15 Jan 2016 Aging infrastructure and foreign hackers mark the end of 2015
December’s cybersecurity news further illustrated the reality that foreign state hackers are targeting U.S. critical infrastructure. Of greater concern is the fact that much of our infrastructure security is inadequate to protect against a targeted attack. With outdated security and the growing adoption of the Industrial Internet of Things (IIoT), power grids, dams and other critical infrastructure are at increased risk of a successful network intrusion. Will recent legislation provide the protections needed to improve cybersecurity for critical infrastructure, or is it too little, too late? Read on to learn more about the news and events that capped 2015 and set the tone for the New Year.
Cyber protection a priority for GPS (The Hill, Dec. 4, 2015)

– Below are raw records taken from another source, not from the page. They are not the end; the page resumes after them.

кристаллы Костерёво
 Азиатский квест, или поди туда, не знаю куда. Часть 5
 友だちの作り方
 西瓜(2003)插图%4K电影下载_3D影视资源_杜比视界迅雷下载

To most, GPS is a useful technology that helps us navigate unfamiliar roads, but GPS has become the backbone of our virtual infrastructure. It is widely used in military operations and controls and provides critical timing functions to ensure control over our power infrastructure. And, according to USAF Col. Brian Searcy (ret.), our global positioning system is a prime target for cybercriminals or nation state adversaries.
House unanimously passes bill boosting resources to fight cybercrime (The Hill, Dec. 10, 2015)
The House unanimously passed a bill to provide state and local governments with federal resources to fight cybercrime. The bill would direct the Department of Homeland Security’s (DHS) cyber hub — known as the National Cybersecurity and Communications Integration Center (NCCIC) — to provide state and local governments with technical training and strategic guidance to help bolster their cyber defenses. The bill is now awaiting a vote in the Senate.
Amit Yoran’s predictions for 2016 (RSA, Dec. 11, 2015)
RSA president, Amit Yoran, shared his insights and outlook for the security landscape in 2016. Of note, Yoran believes a critical breach of an ICS network is increasingly likely to occur in 2016. As we at Waterfall have cautioned for years, many ICS security systems are inadequate to prevent against targeted cyberattacks. And now as IIoT, remote access and automated workflows gain adoption within these critical networks, they are growing increasingly vulnerable to outside attacks. And, as Yoran notes, the potential impact of bringing down a power facility or water treatment plant is an attractive proposition for those who wish to do us harm.
AP Investigation: US power grid vulnerable to foreign hacks (Dec.21, 2015)
The results of a year-long investigation by the Associated Press, underscore the very real concerns security experts have been warning about for years: foreign hackers are targeting U.S. critical infrastructures, with some success. According to the AP report, about a dozen times in the last decade, sophisticated foreign hackers have gained enough remote access to control power grid operations networks.
Former official: Iranians hacked into New York dam (CNN, Dec. 22, 2015)
According to a former official the hack of Bowman Avenue Dam near Rye Brook, New York in 2013, was a test by Iranian hackers who managed to get control of the dam’s floodgates. News of the attack highlights a growing concern among security experts about the susceptibility of infrastructure operated by outdated or retrofit technology. Until owners of critical infrastructure commit to upgrading their security posture, they will remain vulnerable to these foreign state hacker groups.
From our perspective, any legislation that moves cybersecurity preparedness forward for all industrial control networks is a good thing, but its success depends on complete support from the private sector, including privately owned critical infrastructure. Thus far, the response on the part of many executives has the cybersecurity experts at Waterfall concerned, particularly given the recent evidence that current IT-based security has been repeatedly compromised. At Waterfall, we remain dedicated to educating the market on these vulnerabilities and the dire need for hardware enforced unidirectional gateways.